I already follow the documentation's example and I try to propagate the /etc/docker/daemon.json changes on each Swarm nodes but in Prom' I still only can see metrics from the Prometheus...

Did I miss something to be able to retrieve metrics from other cluster?

This is a bunch of configuration : prometheus.yml-

global:
  scrape_interval: 15s
  scrape_timeout: 10s
  evaluation_interval: 15s
  external_labels:
    monitor: monitoring

rule_files:
- rules/alerts.yml
- rules/node.yml
- rules/stack.yml

alerting:
  alertmanagers:
  - static_configs:
    - targets:
        - alertmanager:9093

scrape_configs:
  - job_name: prometheus
    static_configs:
    - targets:
      - prometheus:9090

  - job_name: 'docker-daemon'
    dockerswarm_sd_configs:
      - host: unix:///var/run/docker.sock
        role: nodes
    relabel_configs:
      # Fetch metrics on port 9323.
      - source_labels: [__meta_dockerswarm_node_address]
        target_label: __address__
        replacement: $1:9323
      - source_labels: [__meta_dockerswarm_node_hostname]
        target_label: instance

  - job_name: 'docker-swarm'
    dockerswarm_sd_configs:
      - host: unix:///var/run/docker.sock
        role: tasks
    relabel_configs:
      - source_labels: [__meta_dockerswarm_task_desired_state]
        regex: running
        action: keep
      - source_labels: [__meta_dockerswarm_service_label_prometheus_job]
        target_label: job
      - source_labels: [__meta_dockerswarm_node_hostname]
        target_label: node_name
      - source_labels: [__meta_dockerswarm_node_id]
        target_label: node_id

Thank you in advance for your time.

Regards,
Thomas

Julien Pivotto

unread,
Jul 29, 2020, 1:50:06 PM7/29/20
to Tom Kun, Prometheus Users
On 29 Jul 10:29, Tom Kun wrote:
> Hello folks,
>
> I'm a beginner with Swarm and Prometheus and I wanted to know if with the
> new Prometheus release
> <https://prometheus.io/docs/guides/dockerswarm/#docker-swarm-service-discovery-architecture>
Do you have any error message?

Also, the implementation in v2.20.0 only discover tasks with published ports
( https://docs.docker.com/engine/swarm/services/#publish-a-services-ports-directly-on-the-swarm-node )
which is something that will change in the next release.

>
> Regards,
> Thomas
>
> --
> You received this message because you are subscribed to the Google Groups "Prometheus Users" group.
> To unsubscribe from this group and stop receiving emails from it, send an email to prometheus-use...@googlegroups.com.
> To view this discussion on the web visit https://groups.google.com/d/msgid/prometheus-users/b028ee8c-c557-494b-bce4-3d0809ac08bao%40googlegroups.com.


--
Julien Pivotto
@roidelapluie

Tom Kun

unread,
Jul 29, 2020, 2:05:03 PM7/29/20
to Prometheus Users
Hi Julien,

No error messages in my Prometheus service.

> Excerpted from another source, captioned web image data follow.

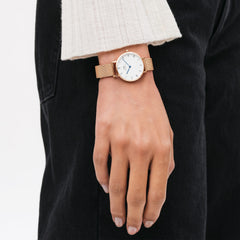 Woman wearing Petite Roman Numerals Melrose watch with rose gold mesh strap and white Roman numeral dial by Daniel Wellington.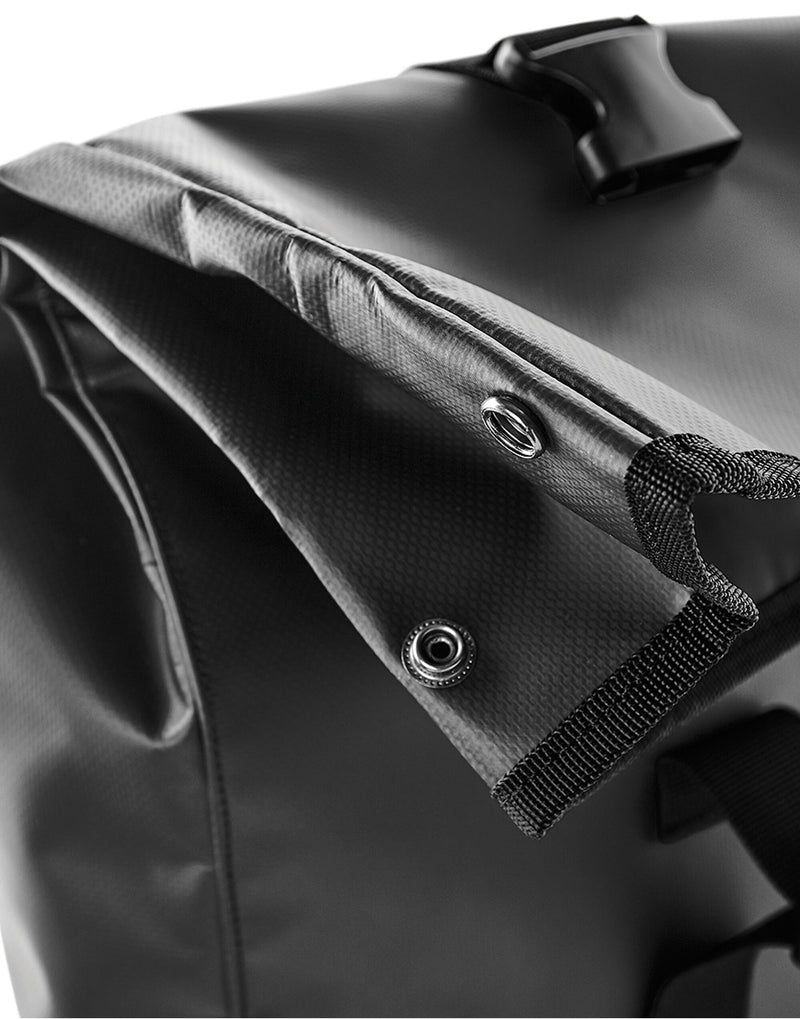 Black waterproof tarpaulin roll-top backpack.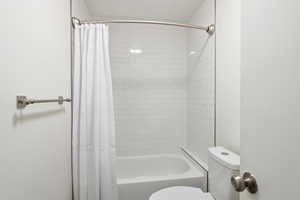 ALL NEW Bathroom featuring toilet and shower / tub combo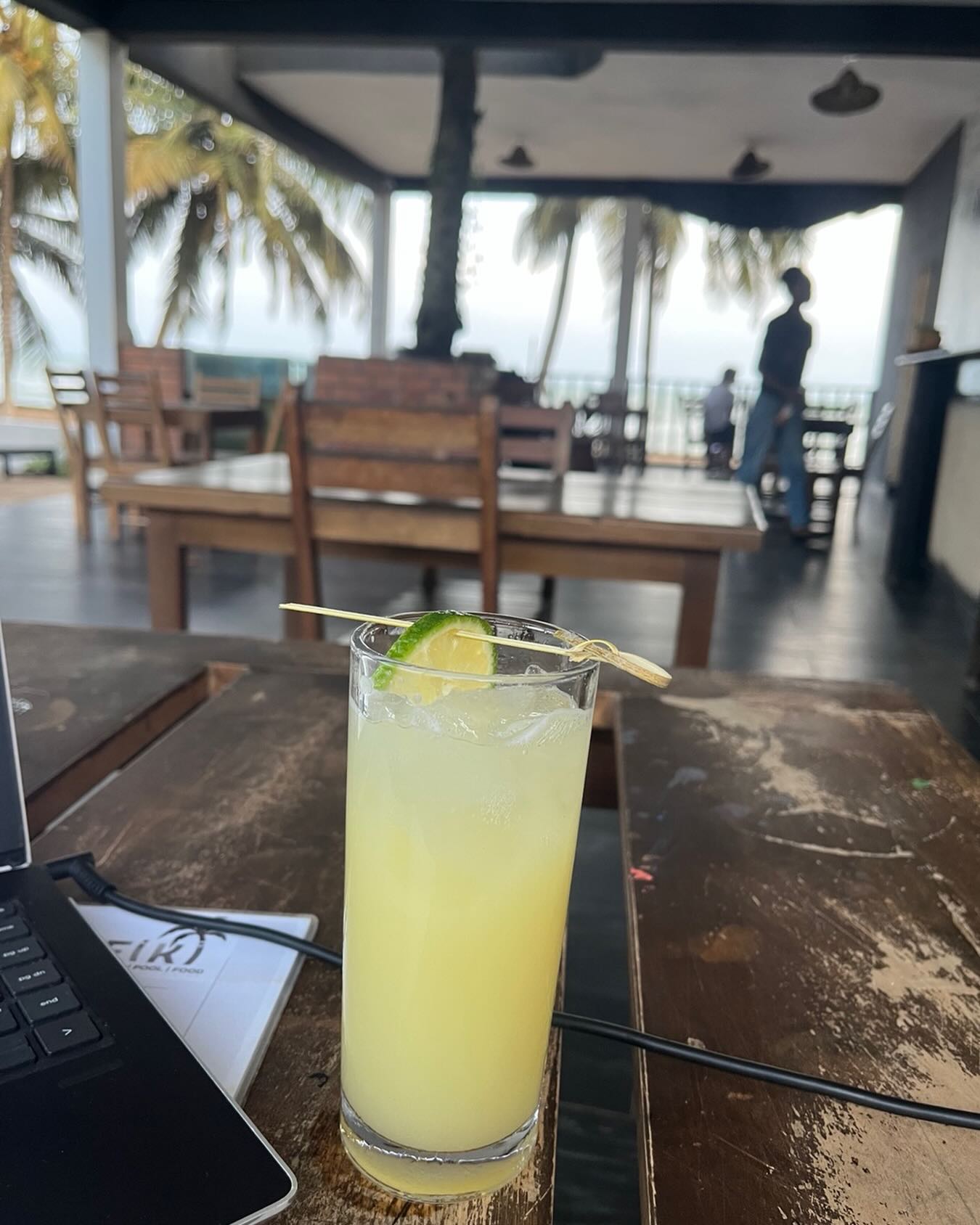 The sun is setting - time for an Afiki special cocktail. Coconut water, Rum, Pineapple, Ginger and Lime. Tasty! Am enjoying my beach side office!!!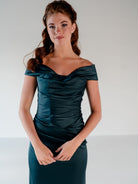A woman modeling an off-the-shoulder dark teal satin dress with ruched detailing on a light gray studio background. / Off the shoulder, stretch matte charmeuse gown with asymmetrical draping.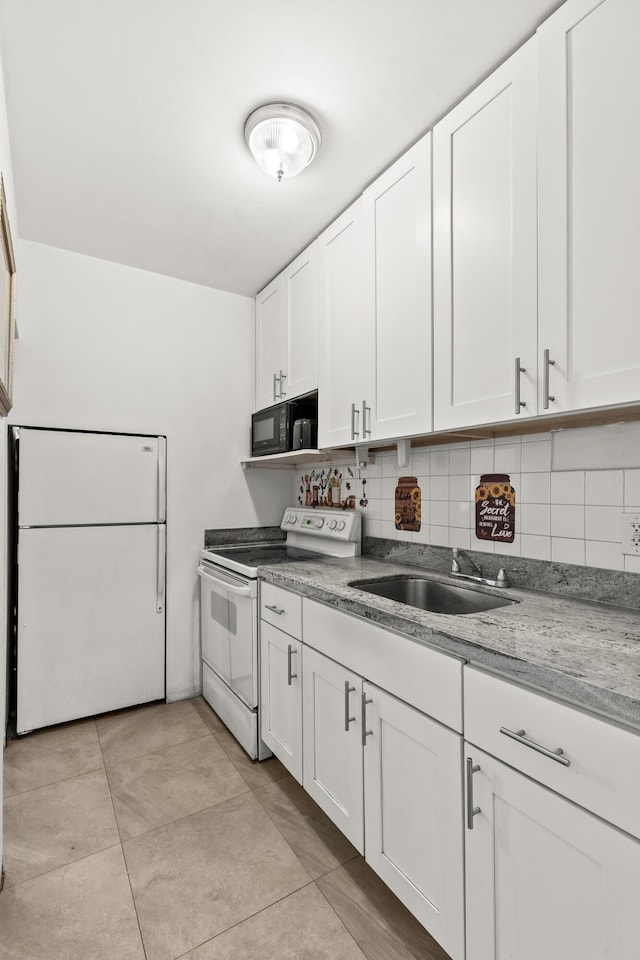 kitchen with white appliances, a sink, backsplash, and white cabinets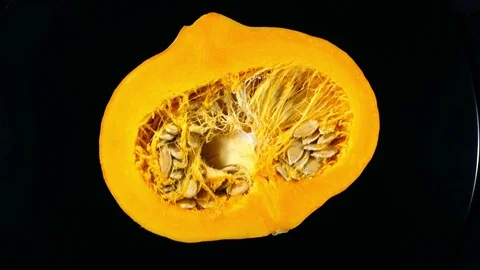 Half of raw pumpkin with seeds isolated on black background. Rotation in 4K Vídeo Stock 74060309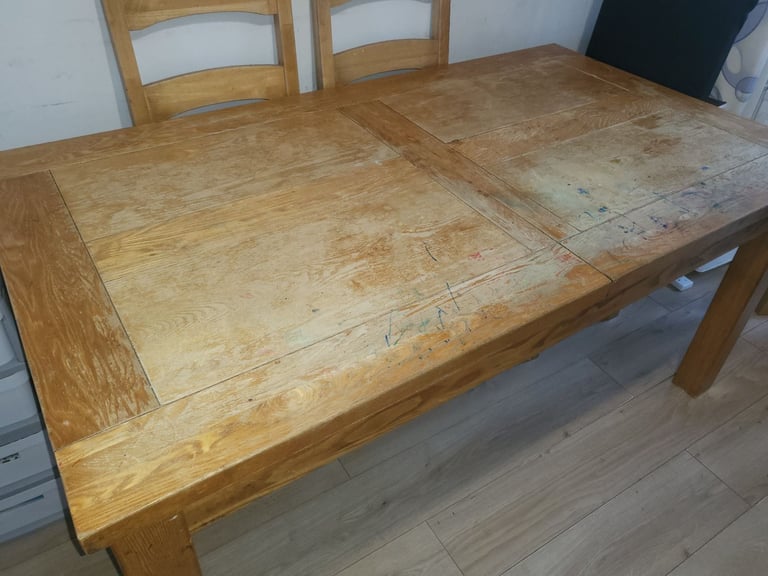 Large oak furniture land extending dining table 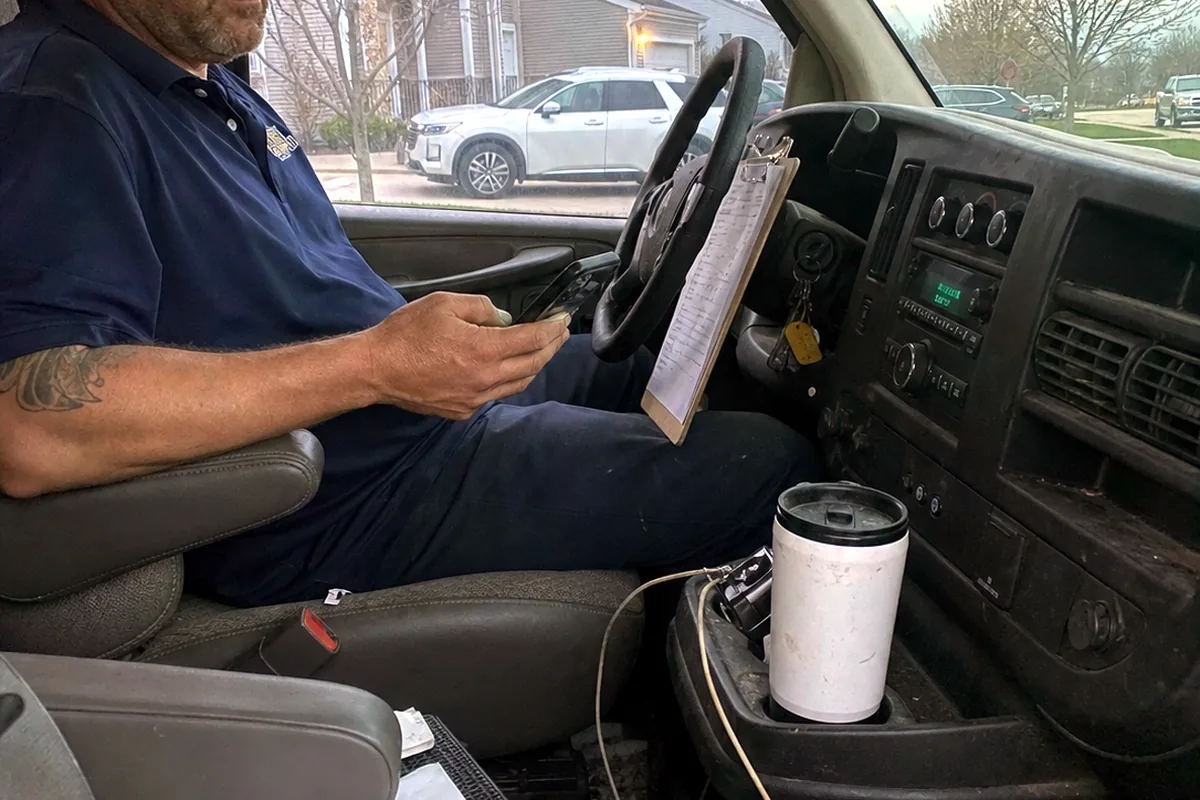 An HVAC technician sitting in his service van at dusk, checking his phone after a job.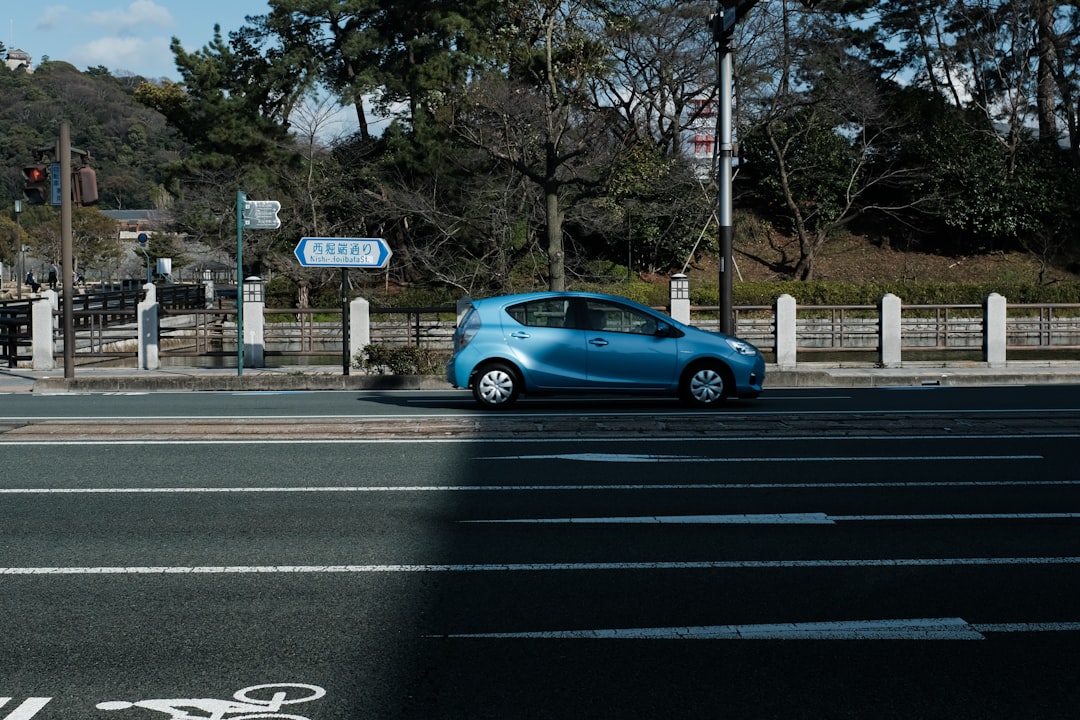 blue 3 door hatchback on road during daytime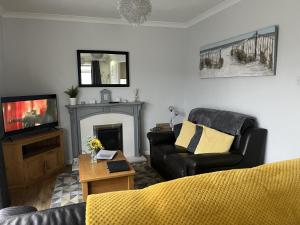 ブリドリントンにあるSeasideEscape-2Br-Sleeps4-Parking-PetsOK-Fireplaceのソファとテレビのあるリビングルーム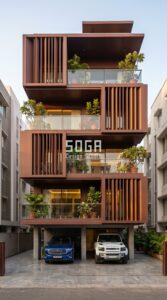 stacked interlocking box volumes with protruding metal fin screen elements in matte powder-coated RAL 8016 mahogany brown steel cladding, Kolkata - parametric metal facade by SOGA Design Studio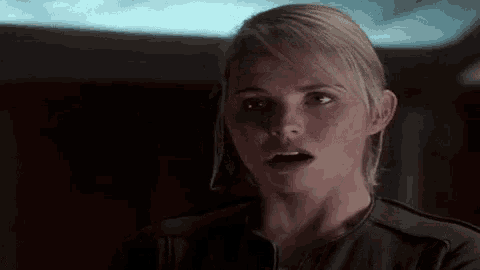 a close up of a woman making a surprised face
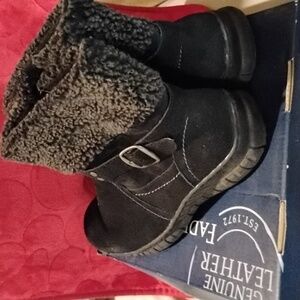Boots by Faded Glory. Black in color with buckles. Fur tops. Suede. Size 9.
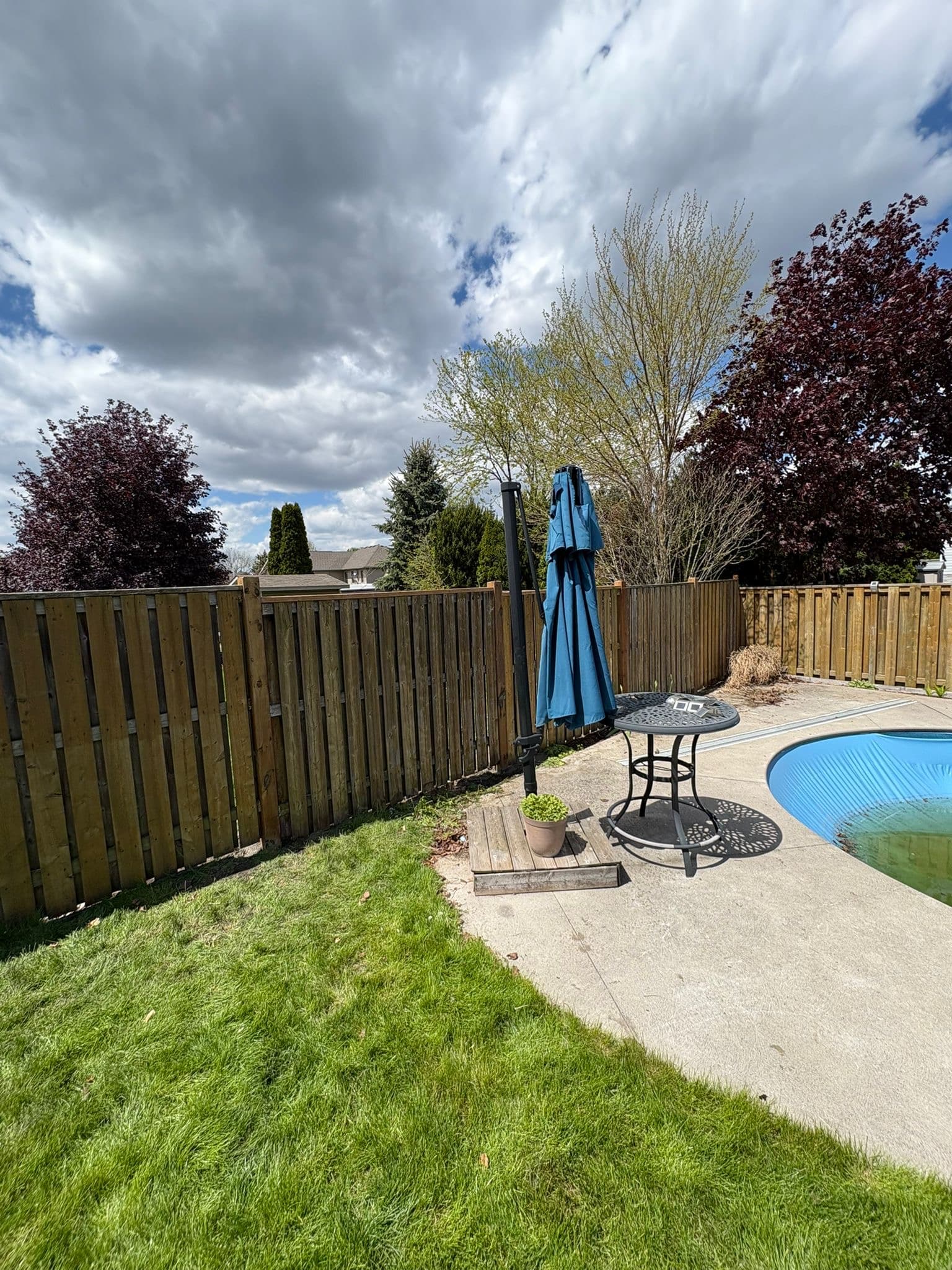 Aged wood fence with pool area restoration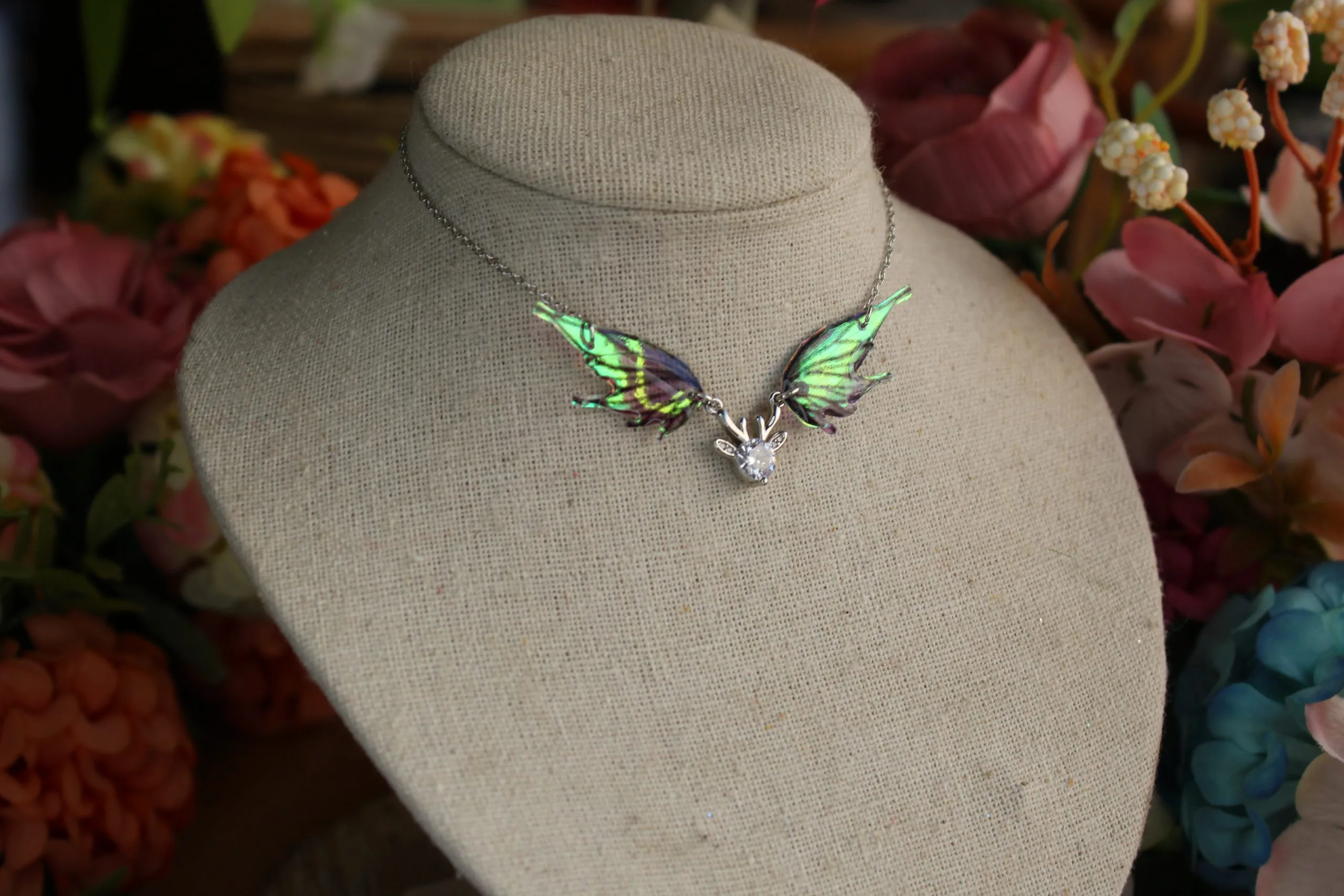 Pendentif féerique avec un petit renne entouré de deux ailes de fée déployées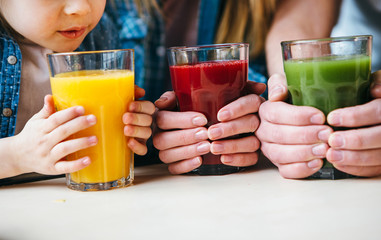 Family holding a glass of juice in hands.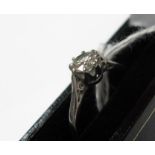 A Platinum Single Stone Diamond Ring, the brilliant cut stone eight claw set.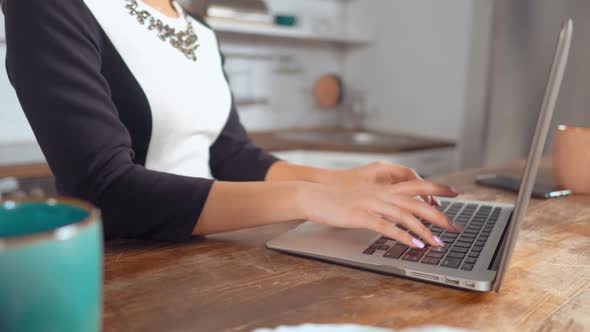 Relaxed Female Checking E-mail and Typing on the PC at the Office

OK, but if I need the Swarm nodes (like the node_id and the node_name) informations from the other Swarm clusters?

I read that part of the Docker's documentation about exposing service port to be able to retrieve containers metrics.
> To unsubscribe from this group and stop receiving emails from it, send an email to promethe...@googlegroups.com.

Julien Pivotto

unread,
Jul 29, 2020, 2:20:05 PM7/29/20
to Tom Kun, Prometheus Users
On 29 Jul 11:05, Tom Kun wrote:
> Hi Julien,
>
> No error messages in my Prometheus service.
>
> OK, but if I need the Swarm nodes (like the node_id and the node_name)
> informations from the other Swarm clusters?
>
> I read that part of the Docker's documentation about exposing service port
> to be able to retrieve containers metrics.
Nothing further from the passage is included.